Les collectifs Nous Toutes et Me Too Politique se sont rassemblés hier à Paris, accompagnés de militant·es et d’élu·es, pour manifester contre la présence de Damien Abad, Gérald Darmanin et Eric Dupont-Moretti au gouvernement, les deux premiers accusés de viols et le dernier connu pour ses remarques sexistes. Causette est partie à la rencontre des manifestant·es pour entendre leur colère et leurs revendications.
Le message posté sur l’événement Facebook de la mobilisation était clair : « Pas de violeur à l'intérieur et aux solidarités, pas de complice à la justice ! » Le rendez-vous, fixé le mardi 24 mai à 18h place Saint-Augustin à Paris avait été donné pour dénoncer le maintien d’Éric Dupont-Moretti, Garde Sceaux et pourfendeur du mouvement MeToo, et Gérald Darmanin, ministre de l’Intérieur accusé de viol. C’était avant la déflagration de l’enquête de Mediapart, samedi 21 mai, révélant que deux femmes accusaient le nouveau ministre des Solidarités Damien Abad de viol. D’autant plus, donc, de raisons de battre le pavé ce mardi, à l’appel des collectifs Nous Toutes et Me Too Politique.
Parmi les 300 contestataires selon les chiffres de l’AFP, des élues telles que Sandrine Rousseau, candidate de la Nupes aux législatives à Paris, Alice Coffin, conseillère EELV à la Mairie de Paris ou encore Manon Aubry, élue La France Insoumise. Les pancartes fièrement brandies, les manifestant·es ont chanté, crié, applaudi, et fait entendre leur indignation.

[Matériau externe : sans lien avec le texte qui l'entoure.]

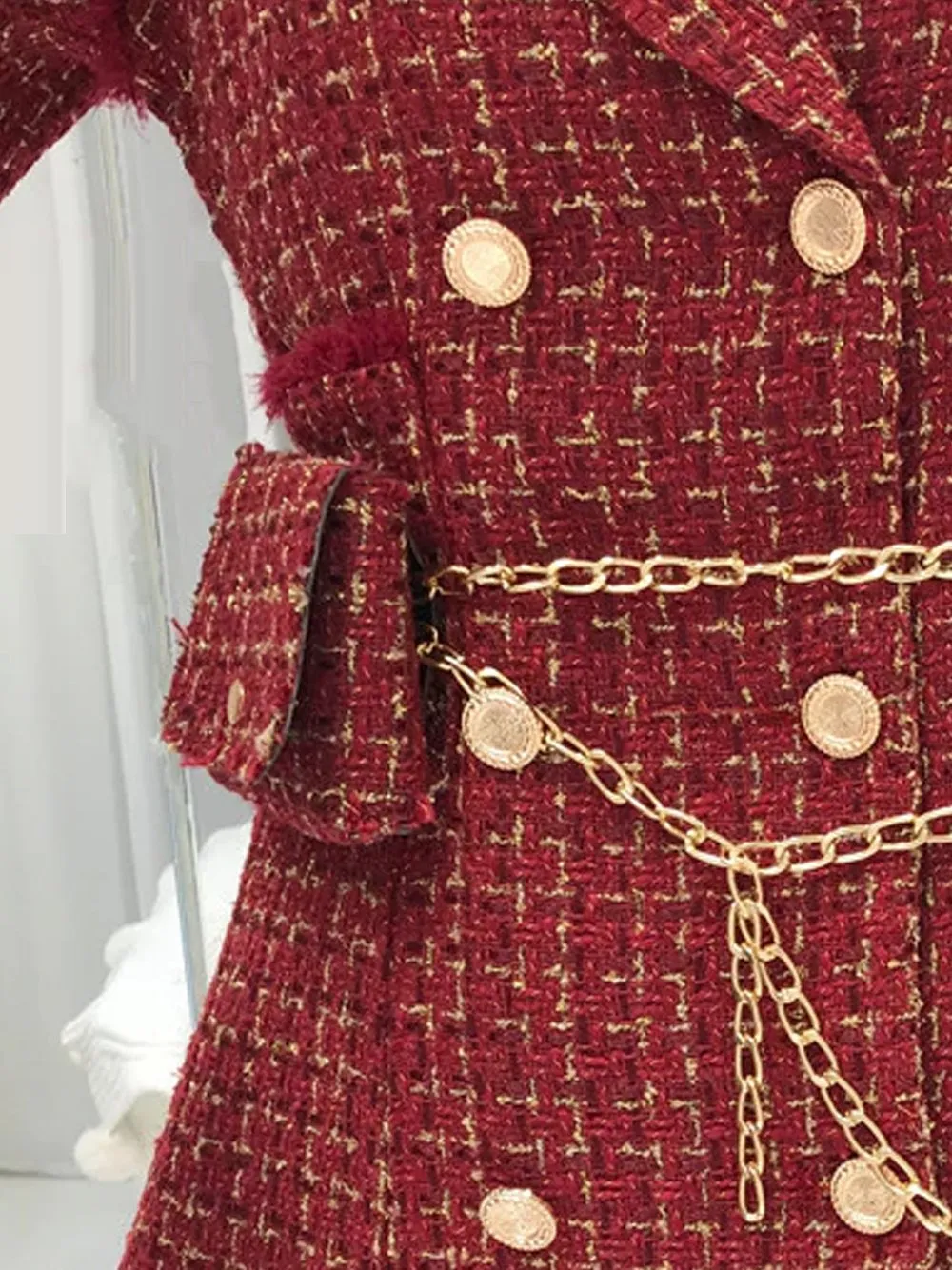 Tweed Double Breasted Blazer Dress w/ Chain Belt Bag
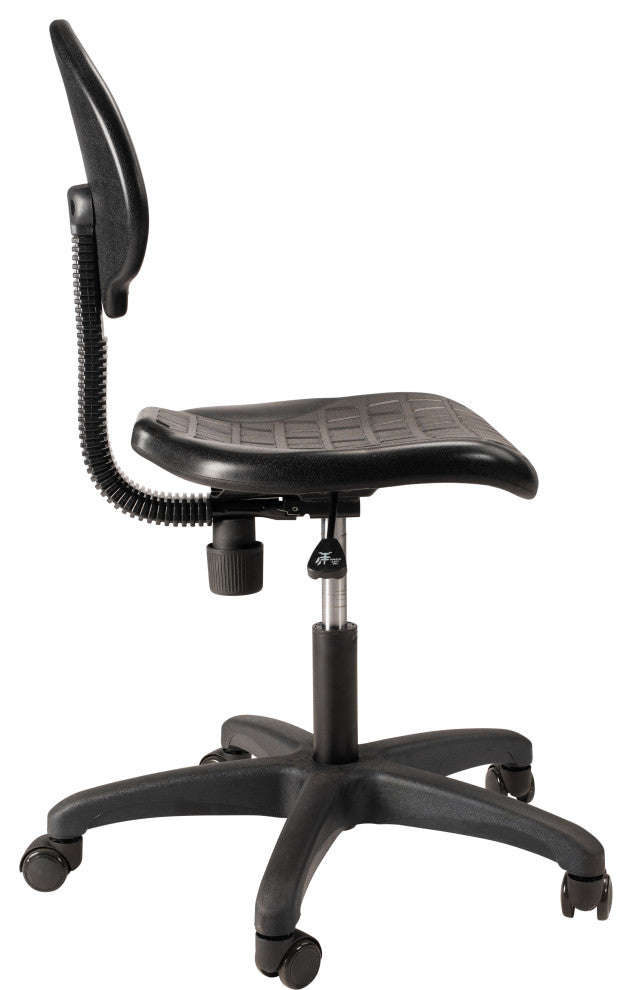 NPS Polyurethane Task Chair, 16"-21" Height, Black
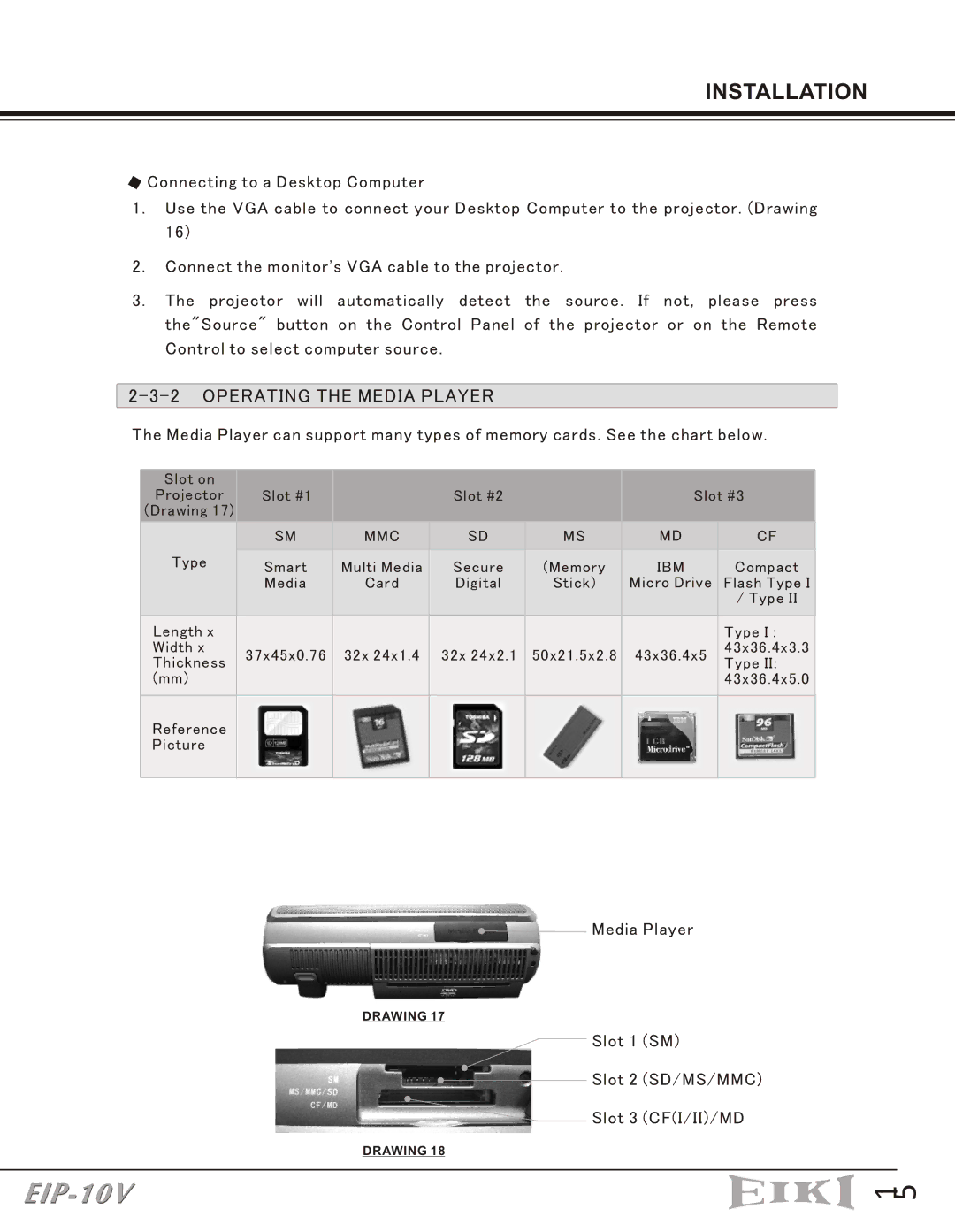 Eiki EIP-10V owner manual Operating the Media Player, Ibm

Anne-Sophie, 46 ans, professeure des écoles : « Je suis super en colère que ces nominations ne provoquent pas plus de réaction. Quand on nomme quelqu’un, on regarde leur CV, leur passif. On parle de représentants des Français là, c’est important, et on a l’impression qu’on nous crache dessus. Mais je suis pleine d’espoir parce que les jeunes ont beaucoup plus conscience de tout ça, les générations futures sont encore plus en colère que moi. Je le vois, j’ai des élèves qui écrivent des petites histoires sur des hommes qui se permettent de toucher des femmes, “c’est inadmissible !” disent-elles, alors qu’elles n'ont que 10 ans. »

Jean, 38 ans, salarié au Samu social : « Toute une partie de la population n’a pas encore conscience de ce qu’il se passe, je le vois avec mes proches, dans mon métier. J’ai l’impression que ça n’avance pas assez vite. Pour les hommes de mon entourage, leur première réaction est de remettre en cause la parole des femmes ou de se sentir visés, eux. Mais j’essaie de leur en parler, de les sensibiliser. »

Alice Coffin, élue écologiste à la Mairie de Paris : « Un des problèmes majeurs de toutes ces affaires, c’est le fonctionnement même du parti politique. Il se constitue sur des rapports de domination pour donner du pouvoir à certains, et avant tout privilégier l’intérêt du parti dans sa globalité plutôt que l’intérêt des personnes. L’affaire Abad montre bien une défaillance totale des instances, et surtout un retard et un décalage avec la société : les partis sont maintenant moins pertinents sur les questions de violences sexistes et sexuelles que les entreprises privées, et elles ont encore beaucoup de chemin à faire, c’est dire ! Lutter contre ce gouvernement et contre ces violences en politique, ça se fera dans la rue, moi j’y crois, mais on n’y arrivera pas sans mobilisation interne dans ces institutions, sans pressions au sein des partis. Mais les féministes continuent de faire peur. Est-ce que j’ai de l’espoir ? Moi je ne fonctionne pas à l’espoir, je fonctionne à l’action. »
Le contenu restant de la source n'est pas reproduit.